Top of PROVIDED MATERIAL

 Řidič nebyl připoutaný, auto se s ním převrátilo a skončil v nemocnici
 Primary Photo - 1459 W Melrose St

Bottom of PROVIDED MATERIAL
Top of PROVIDED MATERIAL

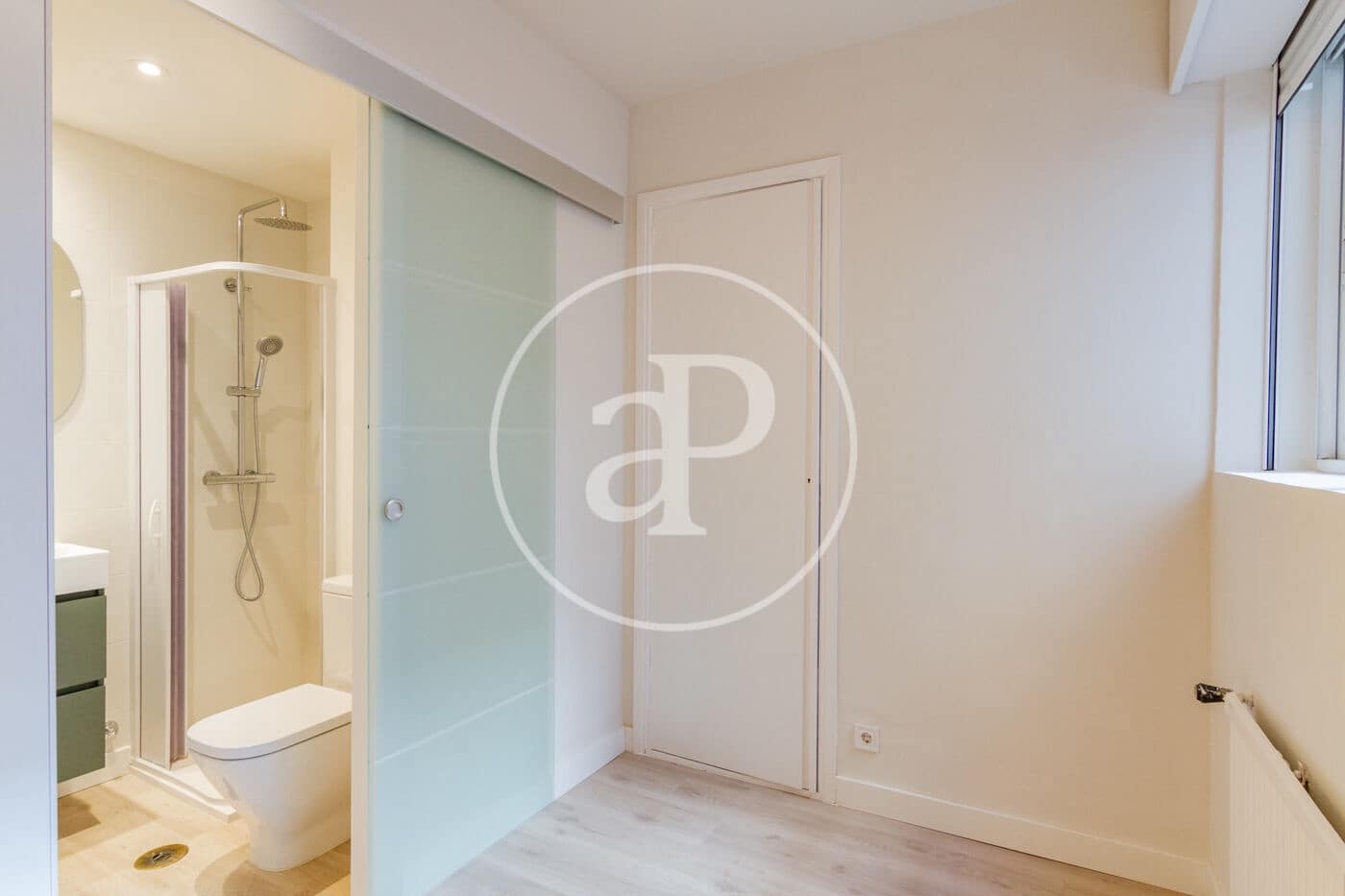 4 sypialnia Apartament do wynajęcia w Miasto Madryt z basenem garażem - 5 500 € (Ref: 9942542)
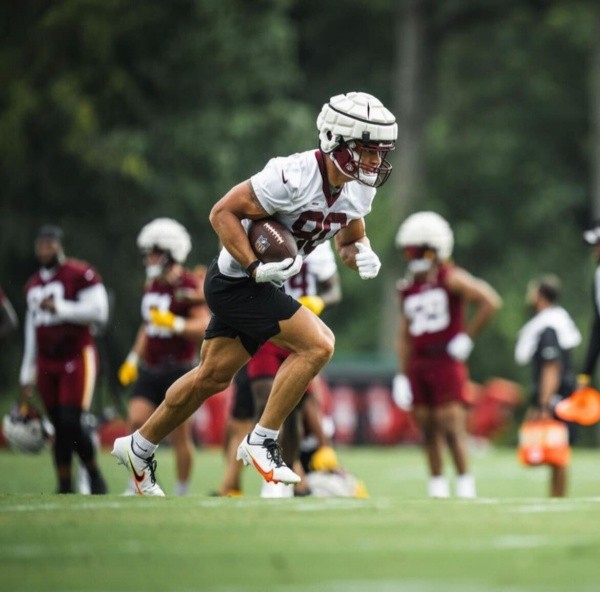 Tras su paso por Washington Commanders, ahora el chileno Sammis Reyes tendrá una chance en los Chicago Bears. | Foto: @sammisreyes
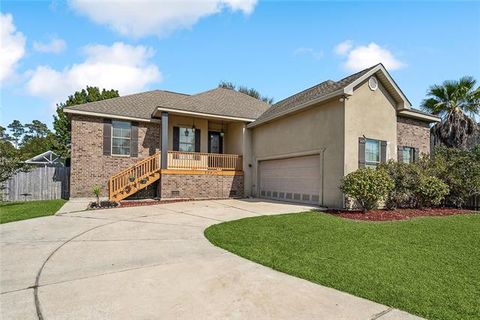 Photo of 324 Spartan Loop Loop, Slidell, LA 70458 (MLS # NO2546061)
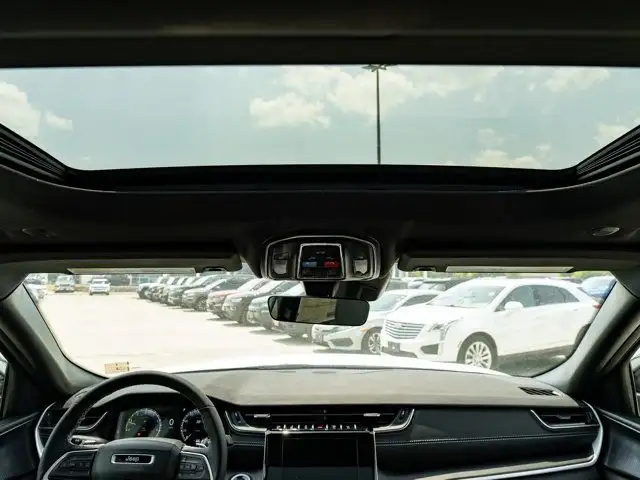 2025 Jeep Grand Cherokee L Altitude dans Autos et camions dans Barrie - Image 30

Bottom of PROVIDED MATERIAL

WHAT YOU ARE ASKED TO DO
Output should consist of the lines above from the one with "Photo of 324" down to the one with "2025 Jeep Grand", exact and without pictures.

RESULT FOR THIS TASK
 Photo of 324 Spartan Loop Loop, Slidell, LA 70458 (MLS # NO2546061)
 2025 Jeep Grand Cherokee L Altitude dans Autos et camions dans Barrie - Image 30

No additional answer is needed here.